What you will do
Your answer should be the line that contains "Vintage Boss Hugo" and each line after it, restated word for word through the final line of the entries.

Data provided

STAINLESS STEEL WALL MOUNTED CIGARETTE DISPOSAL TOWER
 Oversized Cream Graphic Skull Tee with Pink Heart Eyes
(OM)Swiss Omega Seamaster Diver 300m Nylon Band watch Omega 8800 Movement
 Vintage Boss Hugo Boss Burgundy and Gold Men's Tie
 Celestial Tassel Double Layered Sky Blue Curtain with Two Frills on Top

Solution for this task
 Vintage Boss Hugo Boss Burgundy and Gold Men's Tie
 Celestial Tassel Double Layered Sky Blue Curtain with Two Frills on Top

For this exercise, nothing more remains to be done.